The Three Kings [aka Stooges]

Wednesday evening three old friends from Texas, Arizona, and northern Illinois descended on the Shoemaker home in Urbana, IL to sing their own semi-humorous re-write of the traditional Epiphany hymn We Three Kings. They concluded by presenting gold, frankincense, and myrrh to our mutual friend Steve Shoemaker. There’s a video of the trio on Steve’s FaceBook page for those want to watch and sing along. Steve, diagnosed with terminal cancer, is feeling remarkably well – even got up to make oatmeal for the guys the next morning!

EPIPHANY 2016

A Tribute to the Rev. Dr. Steve Shoemaker (Harry Lee Strong)
(Tune: Three Kings of Orient; John Henry Hopkins, 1857)

We three friends from north, south, and west
Gather here as your grateful guests.
Pardon our singing – gifts we are bringing,
Just hoping not to be pests.

O … Husband, father, poet, bard:
How we loathe your journey hard!
If we could, you know we would
Make this damn disease retard!

It’s so good to see you again
Here at home on your Illinois plain,
Still with humor, despite tumors,
Teaching to die is to gain.

O … Talk show host and scholar bright:
Few compete with your great height!
On the air and through your care,
Keepin’ Faith both day and night.

Only God can possibly know
How many lives you’ve enabled to grow:
Words and actions, breaking down factions,
Allowing your light to show.

O … Classmate, preacher, prophet bold:
No respect do we withhold!
From our coffers we now offer
Frankincense and myrrh and gold.

  • Gordon C. Stewart, Chaska, MN, January 8, 2016. Wish I’d been there.

Another Use for Vaseline in 2016

Three gifts are mentioned in the story of the Three Kings, aka the Wise men, and the Magi: gold, frankincense, and myrrh.

Moments ago, on Epiphany, three seminary friends arrived at Steve and Nadja Shoemaker’s home on the prairie near Urbana, Illinois. It’d be a stretch to call Harry, Bob, and Don the Three Kings or the Wise Men. More like three wise guys, not from the East, but from the West and North – Corsicana, Texas; Prescott, Arizona; and Highland Park, Illinois – bringing a lighter touch to Steve, the patient with the terminal diagnosis of pancreatic cancer.

Harry, the musician among them, will lead them in his own freshly-written lyrics to the tune of the Epiphany hymn “We Three Kings” – a trio of bass and baritone voices – bringing laughter to the room Kay and I can hear all the way in Minnesota.

Many years ago, a similar thing happened in New York City where Episcopal lay theologian William (Bill) Stringfellow was in Surgical Intensive Care following near fatal pancreatic surgery.

Entering the room following the surgery, Stringfellow’s close friend Bishop James A. Pike exclaimed, “Well, I’m a bishop. I should do something!” He promptly disappeared. Moments later he returned with Bill’s attending nurse and a large bottle of petroleum jelly. He consecrated the jelly, declaring to the nurse with typical Pike humor that “this substance has now been set apart for uses other than those ordinary and familiar for Vaseline.”
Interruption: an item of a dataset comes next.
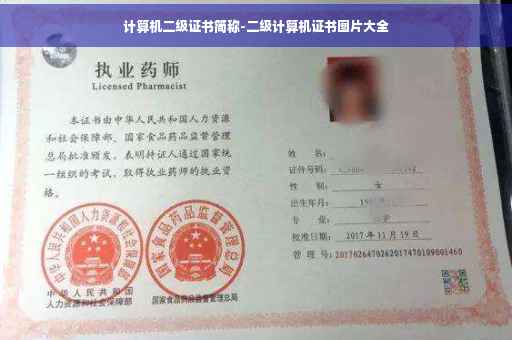 计算机二级证书简称-二级计算机证书图片大全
“Taking a thumbful of this freshly made urgent, he came to the bedside and anointed me,” wrote Stringfellow, “signing my forehead with the cross, and saying:

“‘I anoint you in the name of God; beseeching the mercy of our Lord Jesus Christ, that all your pain and sickness of body being put to flight, the blessing of health may be restored to you. Amen.'” [William Stringfellow, A Second Birthday, Doubleday & Company, 1970]
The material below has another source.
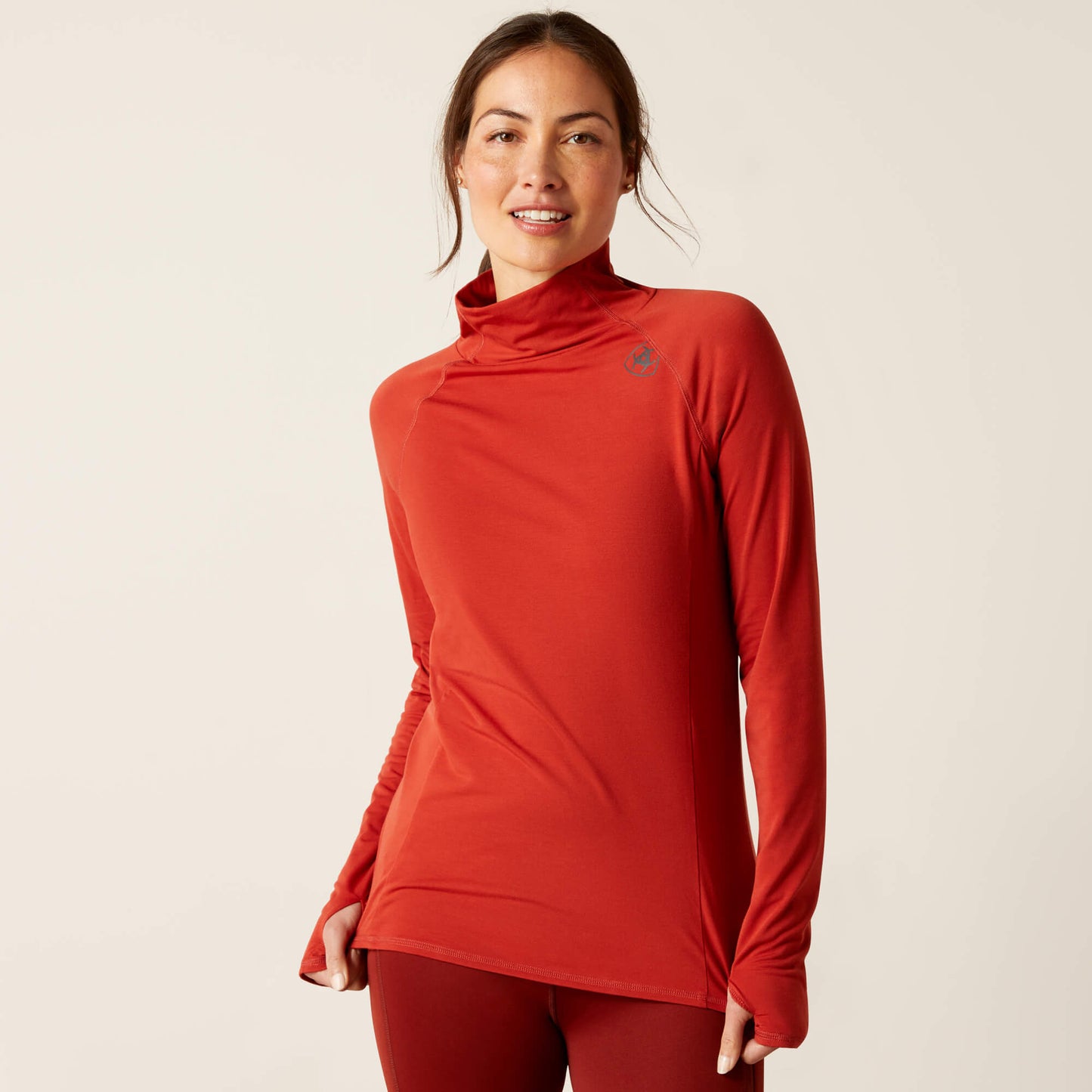 Ariat Red Ochre Venture Halfneck Baselayer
The bishop’s prayer of unction for the sick was near verbatim from The Book of Common Prayer of the Episcopal Church.

When the surgeon told the patient that his recovery was spectacular, Stringfellow replied, “That doesn’t surprise me at all. I was anointed by Bishop Pike! – what else would you expect?”

This Day of Epiphany, I hope the Three Wise Men, Steve and Nadja may enjoy the same fellowship, humor, and prayer all these years later. They bring no gold, frankincense or myrrh, but everyone in the Urbana gathering tonight knows that when the end is in sight, only the frankincense, the myrrh, and telling stories only dear friends call tell are appropriate. The third gift – gold – no longer matters, if it ever did!